# PROBLEM DETAILS
There is a line containing "Pile of bamboo" in the records below. Repeat it and every line after it, exactly, through the final line, but no pictures.

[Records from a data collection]
============================================================

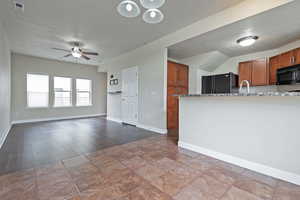 Kitchen with a textured ceiling, black appliances, brown cabinets, open floor plan, and a ceiling fan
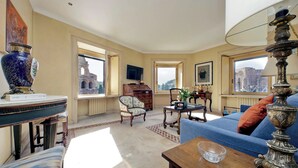 A spacious living room with a large window, a blue sofa, a wooden coffee table, and a decorative lamp. - Colosseo Way (Roma)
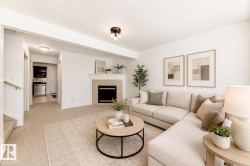 Living area featuring a fireplace with a tiled surround, recessed lighting, and carpeting - 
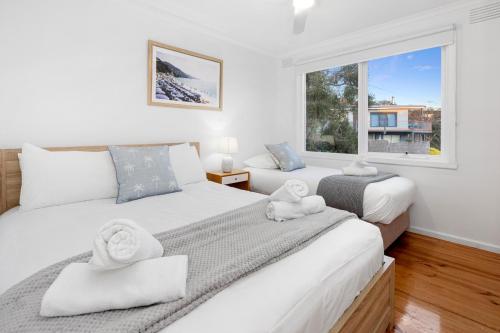 een slaapkamer met twee bedden en een raam bij A Vue De Rye in Rye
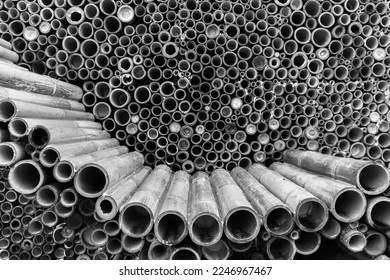 Pile of bamboo pole used in construction industry, bamboo wall textured background - Powered by Shutterstock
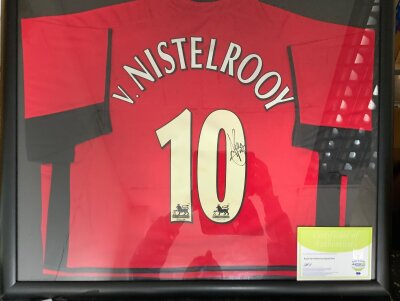 Van Nistelrooy Manchester United Signed Framed Football Shirt: Frame measuring 30 x 25 inches and contains a red home shirt hand signed by Rudd with COA.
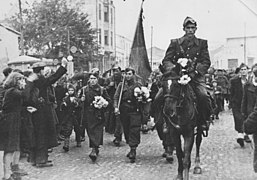 Soldiers, some carrying flowers, led by a soldier on horseback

============================================================

# YOUR SOLUTION
 Pile of bamboo pole used in construction industry, bamboo wall textured background - Powered by Shutterstock
 Van Nistelrooy Manchester United Signed Framed Football Shirt: Frame measuring 30 x 25 inches and contains a red home shirt hand signed by Rudd with COA.
 Soldiers, some carrying flowers, led by a soldier on horseback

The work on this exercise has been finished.